§ AIM OF THE TASK:
An exact transcription of each entry below is required, without any pictures.
******
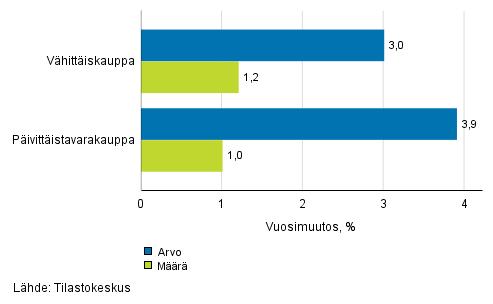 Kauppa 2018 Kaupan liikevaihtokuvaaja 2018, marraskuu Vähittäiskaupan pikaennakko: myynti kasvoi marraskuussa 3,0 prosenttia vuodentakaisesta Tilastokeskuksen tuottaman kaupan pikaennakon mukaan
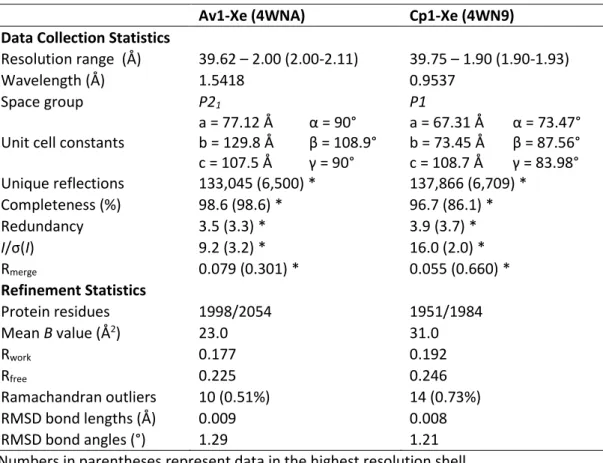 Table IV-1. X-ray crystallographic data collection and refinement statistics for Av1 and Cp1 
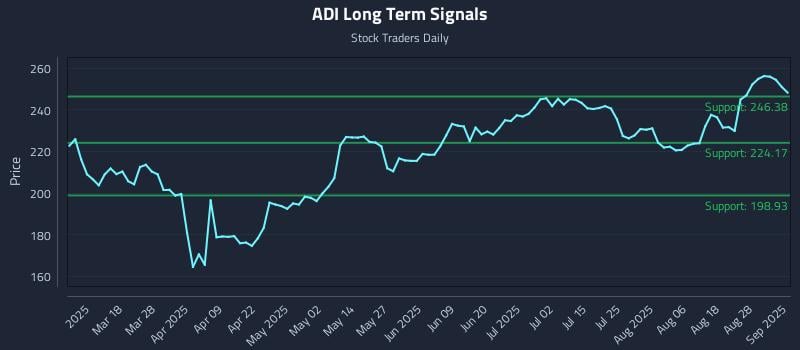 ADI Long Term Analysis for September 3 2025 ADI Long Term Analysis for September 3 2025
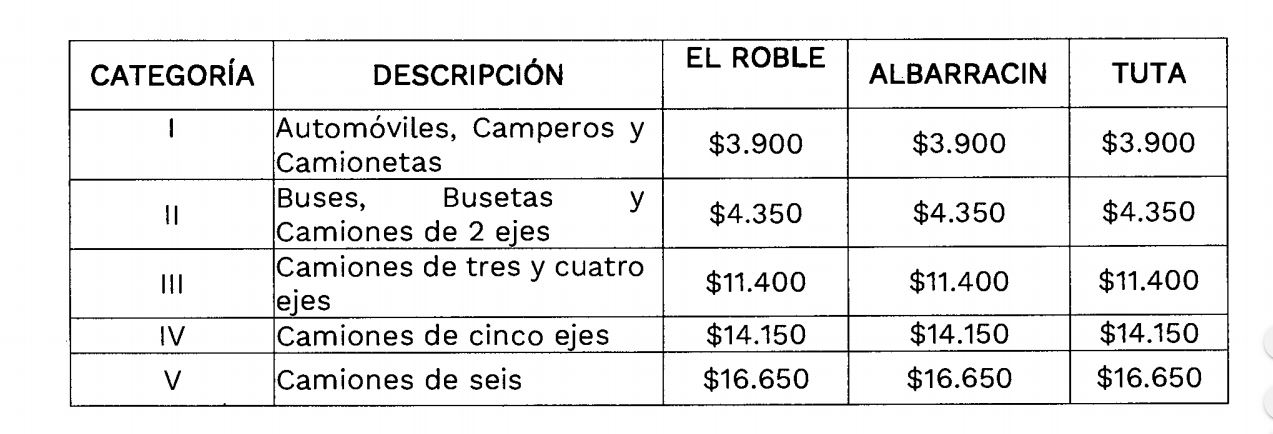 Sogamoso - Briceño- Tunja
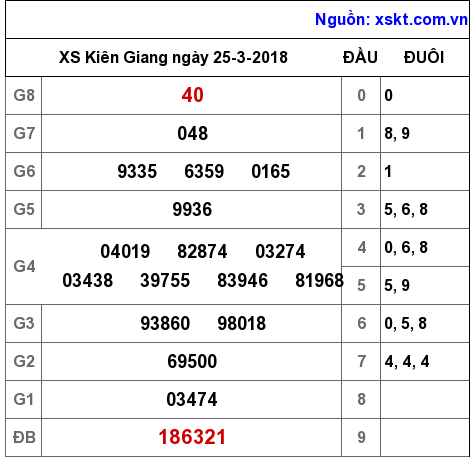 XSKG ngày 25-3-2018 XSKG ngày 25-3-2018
******
§ ANSWER BOX:
 Kauppa 2018 Kaupan liikevaihtokuvaaja 2018, marraskuu Vähittäiskaupan pikaennakko: myynti kasvoi marraskuussa 3,0 prosenttia vuodentakaisesta Tilastokeskuksen tuottaman kaupan pikaennakon mukaan
 Table IV-1. X-ray crystallographic data collection and refinement statistics for Av1 and Cp1 
 ADI Long Term Analysis for September 3 2025 ADI Long Term Analysis for September 3 2025
 Sogamoso - Briceño- Tunja
 XSKG ngày 25-3-2018 XSKG ngày 25-3-2018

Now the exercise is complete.